Luca's meaningless thoughts  

Delegates and inlining

by Leandro Lucarella on 2010- 06- 28 12:30 (updated on 2010- 06- 28 12:30)
tagged d, delegate, dgc, en, gc, inline, inlining, optimization, performance - with 3 comment(s)

Sometimes performance issues matter more than you might think for a language. In this case I'm talking about the D programming language.

I'm trying to improve the GC, and I want to improve it not only in terms of performance, but in terms of code quality too. But I'm hitting some performance issues that prevent me to make the code better.
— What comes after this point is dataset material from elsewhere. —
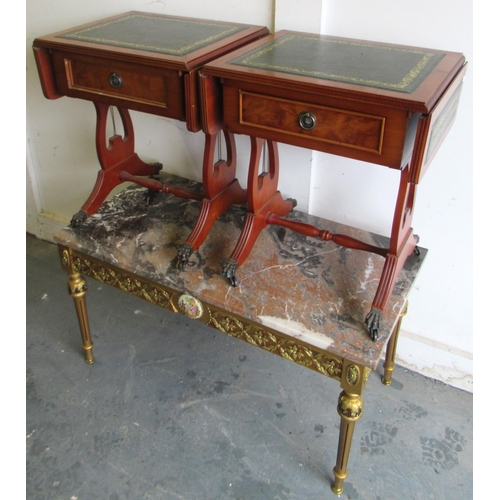 467 - Mid 20th century french style guilt coffee table with marble top, W92cm and a pair of 20th century s...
D support high level constructs, like delegates (aka closures). For example, to do a simple linear search I wanted to use this code:

T* find_if(bool delegate(ref T) predicate)
{
   for (size_t i = 0; i < this._size; i++)
      if (predicate(this._data[i]))
         return this._data + i;
   return null;
}
...
auto p = find_if((ref T t) { return t > 5; });

But in DMD, you don't get that predicate inlined (neither the find_if() call, for that matter), so you're basically screwed, suddenly you code is ~4x slower. Seriously, I'm not joking, using callgrind to profile the program (DMD's profiler doesn't work for me, I get a stack overflow for a recursive call when I try to use it), doing the call takes 4x more instructions, and in a real life example, using Dil to generate the Tango documentation, I get a 3.3x performance penalty for using this high-level construct.

I guess this is why D2's sort uses string mixins instead of delegates for this kind of things. The only lectures that I can find from this is delegates are failing in D, either because they have a bad syntax (compare sort(x, (ref X a, ref X b) { return a > b; }) with sort!"a < b"(x)) or because their performance sucks (mixins are inlined by definition, think of C macros). The language designer is telling you "don't use that feature".

Fortunately the later is only a DMD issue, LDC is able to inline those predicates (they have to inhibit the DMD front-end inlining to let LLVM do the dirty work, and it definitely does it better).

The problem is I can't use LDC because for some unknown reason it produces a non-working Dil executable, and Dil is the only real-life program I have to test and benchmark the GC.

I think this issue really hurts D, because if you can't write performance critical code using higher-level D constructs, you can't showcase your own language in the important parts.